2. Simplifier le système fiscal pour éviter les niches et les exceptions qui profitent principalement aux grandes entreprises. Un système plus transparent et plus équitable serait plus difficile à exploiter pour des optimisations agressives.
3. Encourager l’investissement local avec des incitations fiscales pour la création d’emplois et d’innovations. Les entreprises doivent être récompensées pour investir dans le tissu économique local, au lieu d’être découragées par une fiscalité punitive.

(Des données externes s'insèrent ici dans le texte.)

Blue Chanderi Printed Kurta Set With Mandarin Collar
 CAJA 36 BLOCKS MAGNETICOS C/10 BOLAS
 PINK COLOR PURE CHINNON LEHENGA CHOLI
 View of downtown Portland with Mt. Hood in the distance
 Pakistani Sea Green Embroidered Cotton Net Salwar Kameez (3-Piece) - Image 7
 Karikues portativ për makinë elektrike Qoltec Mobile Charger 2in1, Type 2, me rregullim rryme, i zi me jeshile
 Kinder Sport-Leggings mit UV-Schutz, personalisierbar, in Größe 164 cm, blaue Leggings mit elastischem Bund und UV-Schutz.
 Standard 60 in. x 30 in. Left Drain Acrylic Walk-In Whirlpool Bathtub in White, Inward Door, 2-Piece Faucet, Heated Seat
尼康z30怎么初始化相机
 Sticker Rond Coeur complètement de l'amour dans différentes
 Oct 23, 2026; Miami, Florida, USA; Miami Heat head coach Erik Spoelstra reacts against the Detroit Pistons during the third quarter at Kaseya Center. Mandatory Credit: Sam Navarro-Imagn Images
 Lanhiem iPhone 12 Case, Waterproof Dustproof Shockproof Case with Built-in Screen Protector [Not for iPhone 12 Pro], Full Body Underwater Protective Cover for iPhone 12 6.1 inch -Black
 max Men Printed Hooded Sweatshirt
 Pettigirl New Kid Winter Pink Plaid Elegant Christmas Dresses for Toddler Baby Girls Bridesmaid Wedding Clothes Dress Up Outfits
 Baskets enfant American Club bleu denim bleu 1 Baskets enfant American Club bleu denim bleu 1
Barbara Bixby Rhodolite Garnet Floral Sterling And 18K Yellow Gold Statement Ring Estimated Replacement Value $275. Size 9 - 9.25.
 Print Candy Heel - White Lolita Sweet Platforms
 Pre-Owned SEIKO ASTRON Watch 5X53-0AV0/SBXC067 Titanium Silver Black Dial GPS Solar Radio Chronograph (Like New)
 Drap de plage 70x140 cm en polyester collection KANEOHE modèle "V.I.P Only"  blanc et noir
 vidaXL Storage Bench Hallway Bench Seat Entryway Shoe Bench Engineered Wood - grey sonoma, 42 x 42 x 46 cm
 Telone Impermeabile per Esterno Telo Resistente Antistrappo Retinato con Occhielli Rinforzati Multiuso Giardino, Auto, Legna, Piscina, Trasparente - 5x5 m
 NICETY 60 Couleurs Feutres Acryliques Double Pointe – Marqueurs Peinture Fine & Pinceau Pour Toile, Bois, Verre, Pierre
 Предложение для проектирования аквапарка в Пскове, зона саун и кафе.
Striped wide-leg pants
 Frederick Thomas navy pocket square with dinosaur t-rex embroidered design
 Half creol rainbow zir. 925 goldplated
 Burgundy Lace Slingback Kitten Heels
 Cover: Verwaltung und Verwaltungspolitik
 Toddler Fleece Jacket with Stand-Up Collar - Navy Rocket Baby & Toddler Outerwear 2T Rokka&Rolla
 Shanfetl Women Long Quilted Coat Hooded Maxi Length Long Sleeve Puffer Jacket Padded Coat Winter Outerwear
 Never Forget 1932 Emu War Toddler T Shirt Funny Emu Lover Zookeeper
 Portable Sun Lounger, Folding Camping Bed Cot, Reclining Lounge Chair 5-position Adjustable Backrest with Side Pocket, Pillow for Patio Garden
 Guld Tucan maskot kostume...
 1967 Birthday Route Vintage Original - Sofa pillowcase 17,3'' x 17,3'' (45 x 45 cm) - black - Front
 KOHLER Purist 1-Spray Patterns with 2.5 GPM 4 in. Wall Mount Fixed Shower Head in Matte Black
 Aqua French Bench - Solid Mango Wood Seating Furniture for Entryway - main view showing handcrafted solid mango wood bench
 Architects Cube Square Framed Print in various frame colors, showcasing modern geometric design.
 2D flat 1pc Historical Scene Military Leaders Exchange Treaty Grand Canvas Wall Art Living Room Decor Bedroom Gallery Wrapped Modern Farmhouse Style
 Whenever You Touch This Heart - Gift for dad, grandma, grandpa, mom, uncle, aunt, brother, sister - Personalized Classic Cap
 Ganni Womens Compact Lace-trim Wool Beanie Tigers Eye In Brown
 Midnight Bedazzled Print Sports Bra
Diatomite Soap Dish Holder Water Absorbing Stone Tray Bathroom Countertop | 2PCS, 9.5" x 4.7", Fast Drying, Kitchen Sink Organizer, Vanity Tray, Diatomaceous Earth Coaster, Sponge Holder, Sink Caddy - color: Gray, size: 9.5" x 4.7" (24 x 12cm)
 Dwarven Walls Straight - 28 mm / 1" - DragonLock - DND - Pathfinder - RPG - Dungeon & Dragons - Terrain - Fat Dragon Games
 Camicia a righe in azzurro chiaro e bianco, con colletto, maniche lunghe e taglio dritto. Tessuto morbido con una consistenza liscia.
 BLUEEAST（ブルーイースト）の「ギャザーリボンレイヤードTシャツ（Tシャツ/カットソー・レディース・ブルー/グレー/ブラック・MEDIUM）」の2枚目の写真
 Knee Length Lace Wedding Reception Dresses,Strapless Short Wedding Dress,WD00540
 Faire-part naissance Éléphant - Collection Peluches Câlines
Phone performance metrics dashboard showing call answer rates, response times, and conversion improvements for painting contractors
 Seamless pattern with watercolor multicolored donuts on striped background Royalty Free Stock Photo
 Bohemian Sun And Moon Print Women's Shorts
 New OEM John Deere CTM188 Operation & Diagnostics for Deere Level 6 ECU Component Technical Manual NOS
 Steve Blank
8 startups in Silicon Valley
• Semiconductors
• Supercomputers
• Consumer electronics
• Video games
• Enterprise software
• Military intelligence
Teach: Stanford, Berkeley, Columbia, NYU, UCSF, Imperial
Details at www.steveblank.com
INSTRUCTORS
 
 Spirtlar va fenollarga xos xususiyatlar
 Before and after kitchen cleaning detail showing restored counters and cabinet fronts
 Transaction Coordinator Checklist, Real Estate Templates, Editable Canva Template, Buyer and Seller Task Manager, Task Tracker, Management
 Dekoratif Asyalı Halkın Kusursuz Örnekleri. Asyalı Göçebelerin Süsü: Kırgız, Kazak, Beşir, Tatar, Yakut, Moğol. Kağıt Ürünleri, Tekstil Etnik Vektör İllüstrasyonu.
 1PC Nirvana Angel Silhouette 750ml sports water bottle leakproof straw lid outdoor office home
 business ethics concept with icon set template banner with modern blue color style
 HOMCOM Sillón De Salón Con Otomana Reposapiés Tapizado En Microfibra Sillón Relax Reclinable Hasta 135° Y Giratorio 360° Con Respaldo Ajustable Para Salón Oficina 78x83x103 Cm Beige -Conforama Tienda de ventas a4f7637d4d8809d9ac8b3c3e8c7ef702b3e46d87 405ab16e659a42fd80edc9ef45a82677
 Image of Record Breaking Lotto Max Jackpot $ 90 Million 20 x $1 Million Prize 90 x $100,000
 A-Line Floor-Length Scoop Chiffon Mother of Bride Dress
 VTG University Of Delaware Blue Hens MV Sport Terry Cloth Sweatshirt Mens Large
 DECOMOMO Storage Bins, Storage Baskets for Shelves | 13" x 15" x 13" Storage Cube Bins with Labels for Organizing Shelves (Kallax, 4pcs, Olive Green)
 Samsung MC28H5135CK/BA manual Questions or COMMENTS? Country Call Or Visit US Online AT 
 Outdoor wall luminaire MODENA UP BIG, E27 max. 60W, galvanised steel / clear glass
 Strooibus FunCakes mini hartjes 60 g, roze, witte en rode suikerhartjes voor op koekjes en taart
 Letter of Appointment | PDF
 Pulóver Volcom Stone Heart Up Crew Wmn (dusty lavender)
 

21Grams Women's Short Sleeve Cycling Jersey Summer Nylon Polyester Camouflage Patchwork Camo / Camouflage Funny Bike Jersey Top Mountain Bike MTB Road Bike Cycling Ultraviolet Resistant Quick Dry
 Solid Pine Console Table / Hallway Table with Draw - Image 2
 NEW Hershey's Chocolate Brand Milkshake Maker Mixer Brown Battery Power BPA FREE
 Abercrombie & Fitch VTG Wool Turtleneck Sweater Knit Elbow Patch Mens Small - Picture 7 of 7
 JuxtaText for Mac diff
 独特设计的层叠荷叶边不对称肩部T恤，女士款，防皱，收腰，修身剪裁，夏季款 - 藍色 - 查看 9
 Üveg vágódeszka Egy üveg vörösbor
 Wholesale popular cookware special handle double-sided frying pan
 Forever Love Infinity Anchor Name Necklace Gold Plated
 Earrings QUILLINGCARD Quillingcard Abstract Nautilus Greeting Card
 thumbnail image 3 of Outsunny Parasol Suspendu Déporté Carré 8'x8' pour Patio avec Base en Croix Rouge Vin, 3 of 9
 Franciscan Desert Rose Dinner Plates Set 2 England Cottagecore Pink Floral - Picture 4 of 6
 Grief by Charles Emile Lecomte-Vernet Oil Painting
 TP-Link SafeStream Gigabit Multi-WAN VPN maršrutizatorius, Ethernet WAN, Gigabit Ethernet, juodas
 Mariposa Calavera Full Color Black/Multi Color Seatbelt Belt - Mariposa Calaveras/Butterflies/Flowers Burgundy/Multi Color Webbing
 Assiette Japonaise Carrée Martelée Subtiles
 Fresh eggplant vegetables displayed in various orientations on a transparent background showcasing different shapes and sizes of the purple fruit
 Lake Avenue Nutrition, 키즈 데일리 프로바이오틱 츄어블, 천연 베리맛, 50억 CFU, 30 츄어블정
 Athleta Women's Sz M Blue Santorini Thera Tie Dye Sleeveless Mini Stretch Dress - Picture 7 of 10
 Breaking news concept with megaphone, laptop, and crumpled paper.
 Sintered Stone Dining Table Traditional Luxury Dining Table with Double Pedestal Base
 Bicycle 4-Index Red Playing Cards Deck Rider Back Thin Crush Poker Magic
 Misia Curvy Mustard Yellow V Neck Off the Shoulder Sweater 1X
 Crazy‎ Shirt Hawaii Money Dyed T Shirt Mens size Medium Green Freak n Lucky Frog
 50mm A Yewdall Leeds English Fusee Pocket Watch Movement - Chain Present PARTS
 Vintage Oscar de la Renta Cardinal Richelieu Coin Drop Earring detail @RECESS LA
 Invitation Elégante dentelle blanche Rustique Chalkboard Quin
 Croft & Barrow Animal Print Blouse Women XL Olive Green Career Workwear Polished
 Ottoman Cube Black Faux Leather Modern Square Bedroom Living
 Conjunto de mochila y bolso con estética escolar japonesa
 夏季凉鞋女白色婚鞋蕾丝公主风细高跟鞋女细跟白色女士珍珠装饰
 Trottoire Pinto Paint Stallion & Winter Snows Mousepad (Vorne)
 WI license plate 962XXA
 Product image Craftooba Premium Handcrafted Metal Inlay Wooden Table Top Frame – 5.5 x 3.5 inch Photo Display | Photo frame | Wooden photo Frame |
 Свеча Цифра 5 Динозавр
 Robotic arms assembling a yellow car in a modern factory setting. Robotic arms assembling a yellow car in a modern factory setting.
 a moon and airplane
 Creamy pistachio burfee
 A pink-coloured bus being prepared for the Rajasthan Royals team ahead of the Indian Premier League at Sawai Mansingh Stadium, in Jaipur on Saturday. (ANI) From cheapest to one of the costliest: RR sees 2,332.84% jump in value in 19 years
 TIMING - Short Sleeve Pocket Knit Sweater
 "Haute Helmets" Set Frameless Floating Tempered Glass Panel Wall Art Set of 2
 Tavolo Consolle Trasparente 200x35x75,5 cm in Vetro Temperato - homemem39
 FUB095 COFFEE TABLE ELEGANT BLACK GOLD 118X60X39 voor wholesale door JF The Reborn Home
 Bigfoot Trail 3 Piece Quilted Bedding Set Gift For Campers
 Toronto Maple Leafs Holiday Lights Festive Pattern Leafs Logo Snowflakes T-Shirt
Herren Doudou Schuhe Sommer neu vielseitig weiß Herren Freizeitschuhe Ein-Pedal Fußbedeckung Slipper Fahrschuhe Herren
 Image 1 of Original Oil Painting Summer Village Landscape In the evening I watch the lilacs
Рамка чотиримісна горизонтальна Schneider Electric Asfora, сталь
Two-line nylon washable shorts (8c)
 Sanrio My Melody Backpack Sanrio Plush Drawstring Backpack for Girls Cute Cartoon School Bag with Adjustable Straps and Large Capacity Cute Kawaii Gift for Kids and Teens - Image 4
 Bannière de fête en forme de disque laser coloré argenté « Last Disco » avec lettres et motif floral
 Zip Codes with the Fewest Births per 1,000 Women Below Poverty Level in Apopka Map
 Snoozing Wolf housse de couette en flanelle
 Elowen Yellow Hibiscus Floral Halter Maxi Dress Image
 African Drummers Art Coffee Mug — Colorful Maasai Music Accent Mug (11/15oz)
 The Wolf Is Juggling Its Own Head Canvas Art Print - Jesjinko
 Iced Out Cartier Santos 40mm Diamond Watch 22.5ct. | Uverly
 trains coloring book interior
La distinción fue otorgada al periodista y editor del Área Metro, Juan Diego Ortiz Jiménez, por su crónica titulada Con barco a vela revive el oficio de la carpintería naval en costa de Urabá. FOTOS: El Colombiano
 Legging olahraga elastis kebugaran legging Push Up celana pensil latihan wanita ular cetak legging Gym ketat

4. Harmoniser les règles fiscales européennes. Tant que chaque pays de l’UE proposera des régimes fiscaux aussi disparates, les entreprises profiteront naturellement des failles du système. Une fiscalité harmonisée permettrait d’éviter la compétition fiscale qui mine l’intégrité des budgets nationaux.
Conclusion
Le discours populiste qui vise à diaboliser les multinationales comme Apple est contre-productif. Il fait miroiter des solutions simplistes à des problèmes extrêmement complexes, tout en masquant les véritables problèmes structurels. Ce n’est pas en accusant les entreprises de tous les maux que nous relancerons l’économie française.
La réalité est que la France doit avant tout réformer son propre système fiscal pour le rendre plus compétitif et attractif. Les entreprises ne sont pas l’ennemi : elles contribuent massivement à l’économie à travers la création d’emplois, l’innovation et le paiement de taxes directes et indirectes. Il est temps de cesser cette chasse aux sorcières fiscale et de reconnaître que l’enjeu véritable est la compétitivité fiscale de la France dans une économie mondialisée.